Sein Geschäft möchte Israilov bald in besserer Lage sehen, gerne etwas größer und mit einem umfangreicheren Angebot.
An diesem Morgen allerdings ist die Auswahl völlig ausreichend. Die Kundin kann sich nur schwer entscheiden, welche der vielen Schokoriegel es sein sollen. Am Ende sind es mehr als ein Dutzend, Erdnussflips außerdem, und ein ganzer Stapel Hähnchenteile aus der Tiefkühltruhe. Nur wenige Quadratmeter groß ist der »Kosher King«, die Regale sind bis auf den letzten Zentimeter vollgeräumt.
Einige Kunden kommen selbstverständlich aus religiösen Gründen, doch die meisten aus sentimentalen. »Viele Leute achten gar nicht darauf, ob ihr Essen koscher ist oder nicht. Aber sie kaufen trotzdem hier ein, weil sie viele Sachen noch aus ihrer Kindheit in Israel kennen«, erzählt Israilov. »Ich selbst komme aus Südrussland, ich habe solche Erinnerungen nicht«, räumt er ein. Dann zeigt er auf einen der vielen Kuchen im Regal und sagt lächelnd: »Der hier ist von Osem, eine israelische Marke. Die Israelis sagen, dass es einfach der beste ist. Ich schmecke keinen Unterschied.«
Angebot Er bückt sich zu den Gläsern mit Gefilte Fisch herunter. »Die von meiner Mutter schmecken natürlich besser«, sagt er grinsend. »Aber die hier sind auch gut.« Und schließlich habe nicht jeder, der an den Feiertagen Gefilte Fisch essen wolle, die Zeit dazu, ihn selbst zuzubereiten. Deshalb wünschen sich die Käufer wohl auch besonders oft, dass der »Kosher King« Kleinigkeiten wie gefrorene Burekas, panierte Schnitzel oder Hähnchen-Nuggets ins Programm aufnimmt. »Sachen, die man schnell warm machen kann, Snacks«, sagt Israilov. Er arbeitet daran. Ein anderes wichtiges Produkt im Angebot: Wein. »Davon kaufen auch viele nichtjüdische Kunden gleich ganze Kartons.«
Am 2. September erst hat das Geschäft unter seiner Leitung eröffnet, rechtzeitig vor den Feiertagen. Bereits seit sieben Jahren ist hier ein koscherer Laden angesiedelt, in dem Israilov auch schon angestellt war. Zunächst hat ihn Chabad Lubawitsch betrieben, dann wechselte der Besitzer, gab die Räume aber nach neun Monaten wieder auf.

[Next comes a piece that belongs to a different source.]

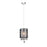 CWI Radiant 1 Light Drum Shade Mini Pendant, Chrome/Black - 5062P6C-1-Clear-B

lieferungen Die Düsseldorfer Gemeinde mit ihren rund 7000 Mitgliedern unterstützte Israilov bei seiner Idee, das Geschäft nun selbst aufzuziehen. Lieferungen für die Küche im Schulzentrum oder das Elternheim der Gemeinde kommen bei ihm an. »Wir bestellen zusammen und teilen dann auf, was der Tiefkühlwagen bringt.«
Auch die Mitglieder der Gemeinde freuen sich über das Angebot des »Kosher King«. Am Wochenende steht eine große Brit Mila an. Geordert wurden Hummus und Burekas in großen Paketen. Israilov kauft in Antwerpen, Brüssel und Paris ein – direkt bei Großhändlern, deshalb müssen seine Kunden meist nicht oder nur ein wenig mehr zahlen, als sie es in den Geschäften im Nachbarland tun würden.
Auch mit einem belgischen Schlachthof arbeitet er zusammen, denn koscheres Fleisch aus Deutschland gibt es wegen der Gesetzeslage nicht. »Morgen fahre ich wieder nach Antwerpen. Wegen der Burekas. Die werden in Israel gebacken, kommen dann gefroren zu uns«, erzählt Israilov. Er hätte gerne eine eigene kleine Backecke in seinem Laden. Die wird es aber erst nach dem Umzug in andere Räumlichkeiten geben. Etwas repräsentativer soll es dann schon sein für den »Koscher King«.